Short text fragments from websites
──────────────────────────────

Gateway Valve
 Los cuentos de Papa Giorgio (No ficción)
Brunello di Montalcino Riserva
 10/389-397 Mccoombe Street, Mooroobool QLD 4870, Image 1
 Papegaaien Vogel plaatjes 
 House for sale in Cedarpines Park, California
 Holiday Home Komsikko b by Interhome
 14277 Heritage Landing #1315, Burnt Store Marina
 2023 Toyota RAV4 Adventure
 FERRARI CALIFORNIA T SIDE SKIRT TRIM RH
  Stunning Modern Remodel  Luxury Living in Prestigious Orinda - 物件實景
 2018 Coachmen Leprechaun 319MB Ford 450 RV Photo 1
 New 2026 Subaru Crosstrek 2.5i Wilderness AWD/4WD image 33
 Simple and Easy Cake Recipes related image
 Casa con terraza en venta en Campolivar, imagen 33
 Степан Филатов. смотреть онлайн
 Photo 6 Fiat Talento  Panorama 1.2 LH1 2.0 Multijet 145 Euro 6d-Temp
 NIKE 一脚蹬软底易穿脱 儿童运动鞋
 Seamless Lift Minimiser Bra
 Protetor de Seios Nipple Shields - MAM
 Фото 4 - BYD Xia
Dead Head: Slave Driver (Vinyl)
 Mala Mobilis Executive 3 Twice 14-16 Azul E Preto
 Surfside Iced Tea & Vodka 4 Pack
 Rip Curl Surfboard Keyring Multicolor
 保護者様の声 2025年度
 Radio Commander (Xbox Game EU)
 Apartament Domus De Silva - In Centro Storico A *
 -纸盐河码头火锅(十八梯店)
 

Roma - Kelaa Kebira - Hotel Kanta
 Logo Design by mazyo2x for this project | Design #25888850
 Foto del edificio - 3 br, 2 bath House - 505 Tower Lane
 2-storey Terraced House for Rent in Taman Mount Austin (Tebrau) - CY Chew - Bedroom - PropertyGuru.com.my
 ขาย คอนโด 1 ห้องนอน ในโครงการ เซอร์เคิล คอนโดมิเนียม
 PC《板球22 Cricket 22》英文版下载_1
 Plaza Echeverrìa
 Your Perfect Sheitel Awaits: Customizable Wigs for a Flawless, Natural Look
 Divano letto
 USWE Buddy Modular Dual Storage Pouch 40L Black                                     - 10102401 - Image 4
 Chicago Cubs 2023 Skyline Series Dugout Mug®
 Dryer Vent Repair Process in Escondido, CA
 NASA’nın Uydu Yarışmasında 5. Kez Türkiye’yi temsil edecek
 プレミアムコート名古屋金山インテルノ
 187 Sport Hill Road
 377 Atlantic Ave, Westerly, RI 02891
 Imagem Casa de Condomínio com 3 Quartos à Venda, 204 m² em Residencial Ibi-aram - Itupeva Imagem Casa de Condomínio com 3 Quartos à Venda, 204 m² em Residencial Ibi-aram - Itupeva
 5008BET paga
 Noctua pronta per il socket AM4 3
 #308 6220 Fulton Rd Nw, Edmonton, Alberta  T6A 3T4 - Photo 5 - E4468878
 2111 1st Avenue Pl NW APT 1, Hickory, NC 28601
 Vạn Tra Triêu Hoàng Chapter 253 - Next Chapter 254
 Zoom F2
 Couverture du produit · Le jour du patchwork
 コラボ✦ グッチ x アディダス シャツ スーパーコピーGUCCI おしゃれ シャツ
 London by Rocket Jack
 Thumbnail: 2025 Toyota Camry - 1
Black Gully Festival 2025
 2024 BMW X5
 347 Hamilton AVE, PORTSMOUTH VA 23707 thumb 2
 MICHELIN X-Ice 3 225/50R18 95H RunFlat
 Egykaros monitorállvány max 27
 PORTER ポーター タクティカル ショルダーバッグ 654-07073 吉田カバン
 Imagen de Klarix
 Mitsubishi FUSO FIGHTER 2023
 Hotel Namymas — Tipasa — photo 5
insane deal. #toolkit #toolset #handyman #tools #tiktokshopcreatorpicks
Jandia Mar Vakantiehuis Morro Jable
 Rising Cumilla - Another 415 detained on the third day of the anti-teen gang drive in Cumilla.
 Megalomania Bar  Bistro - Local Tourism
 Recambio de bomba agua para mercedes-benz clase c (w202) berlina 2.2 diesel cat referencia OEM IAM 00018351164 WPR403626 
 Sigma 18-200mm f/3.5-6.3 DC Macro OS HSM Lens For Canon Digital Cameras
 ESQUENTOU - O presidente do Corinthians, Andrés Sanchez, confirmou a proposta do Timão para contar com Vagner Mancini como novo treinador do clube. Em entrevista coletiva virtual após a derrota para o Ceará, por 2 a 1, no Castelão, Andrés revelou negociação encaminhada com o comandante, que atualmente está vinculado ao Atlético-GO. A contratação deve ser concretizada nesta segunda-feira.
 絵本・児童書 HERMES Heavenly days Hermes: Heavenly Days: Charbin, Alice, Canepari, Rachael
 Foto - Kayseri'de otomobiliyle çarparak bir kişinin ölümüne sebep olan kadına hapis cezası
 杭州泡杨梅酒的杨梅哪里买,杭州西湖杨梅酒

──────────────────────────────

→ What to do
What lines hold the string "Black"? Pick them out of the data.

→ Problem solution
 USWE Buddy Modular Dual Storage Pouch 40L Black                                     - 10102401 - Image 4
Black Gully Festival 2025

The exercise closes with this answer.